31 days. A month can seem like eternity. Or entirely not long enough. I’m leaning towards the second option right about now. Things at work have really picked up- it is busy proposal season time and of course I’m the lead technical writer on one too many of our submissions. By the time I wrap up for the day my mind feels like melting jello. But- alas- I must press on. I’m determined to complete 50-100 physics/general chemistry practice problems a day. If I run out of problems, I’ll just do them again.
I need to consistently score a 75%- which I’ve calculated- will place me in the 10 range for the PS section on the MCAT. I’ll aim high and hopefully not fall too short. Of course, I feel like I should also brush up on my Biology/Organic Chemistry, so I will have to see when I can sneak in that review. I think I’ll have to start sleeping less.

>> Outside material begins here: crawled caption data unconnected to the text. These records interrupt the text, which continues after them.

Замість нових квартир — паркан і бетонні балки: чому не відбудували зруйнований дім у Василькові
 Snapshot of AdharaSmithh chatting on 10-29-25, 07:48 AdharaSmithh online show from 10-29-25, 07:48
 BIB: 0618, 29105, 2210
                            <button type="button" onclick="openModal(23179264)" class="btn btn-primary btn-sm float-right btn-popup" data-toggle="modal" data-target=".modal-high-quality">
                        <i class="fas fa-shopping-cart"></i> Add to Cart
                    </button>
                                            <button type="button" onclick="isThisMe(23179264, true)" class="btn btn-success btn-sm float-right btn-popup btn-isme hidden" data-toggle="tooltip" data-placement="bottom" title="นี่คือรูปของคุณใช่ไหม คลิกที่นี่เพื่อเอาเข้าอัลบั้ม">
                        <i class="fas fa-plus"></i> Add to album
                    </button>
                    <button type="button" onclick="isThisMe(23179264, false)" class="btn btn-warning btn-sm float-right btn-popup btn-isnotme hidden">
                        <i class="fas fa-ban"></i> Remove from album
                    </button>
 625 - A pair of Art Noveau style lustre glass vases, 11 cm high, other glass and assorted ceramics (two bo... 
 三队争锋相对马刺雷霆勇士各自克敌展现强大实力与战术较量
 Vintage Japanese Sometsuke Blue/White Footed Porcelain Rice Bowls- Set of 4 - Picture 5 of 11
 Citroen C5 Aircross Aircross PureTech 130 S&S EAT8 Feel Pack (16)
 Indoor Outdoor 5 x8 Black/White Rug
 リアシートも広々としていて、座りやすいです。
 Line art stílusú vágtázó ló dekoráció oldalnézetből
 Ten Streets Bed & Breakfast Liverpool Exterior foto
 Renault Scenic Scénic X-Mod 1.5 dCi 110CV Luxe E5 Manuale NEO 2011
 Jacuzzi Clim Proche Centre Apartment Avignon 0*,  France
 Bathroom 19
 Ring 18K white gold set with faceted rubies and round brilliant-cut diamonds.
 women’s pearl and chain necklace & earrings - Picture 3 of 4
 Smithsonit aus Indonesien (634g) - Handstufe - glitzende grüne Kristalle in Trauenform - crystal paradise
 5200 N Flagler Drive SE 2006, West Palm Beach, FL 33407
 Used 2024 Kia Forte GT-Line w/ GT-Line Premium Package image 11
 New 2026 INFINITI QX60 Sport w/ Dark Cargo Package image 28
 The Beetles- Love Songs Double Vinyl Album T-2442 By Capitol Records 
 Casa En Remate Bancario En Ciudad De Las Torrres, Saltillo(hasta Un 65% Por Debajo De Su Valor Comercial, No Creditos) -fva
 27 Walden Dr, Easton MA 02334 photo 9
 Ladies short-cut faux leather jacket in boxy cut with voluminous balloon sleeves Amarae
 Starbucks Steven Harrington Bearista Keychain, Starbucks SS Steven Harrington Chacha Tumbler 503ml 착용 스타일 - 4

I’m really feeling burned out by work but I can’t seem to forget a speech I heard this weekend by a doctor who was on the Stanford Medical School Admission’s Committee for three years. She said “our character is determined by what we do in the face of our failures.” That statement is sobering in that how I perform now on the MCAT may be even more important than how I did before. I am getting a second chance. Second chances are very rare and I am seriously determined not to let myself down.
Checking my email has never been so exciting. Secondary applications are starting to trickle in- at least the ones that don’t do much applicant screening- which is an added source of anxiety. I’ve accounted for nearly every hour of my day. Writing more essays is not budgeted for. Hmm…I think it’s definitely time to cut back on sleep.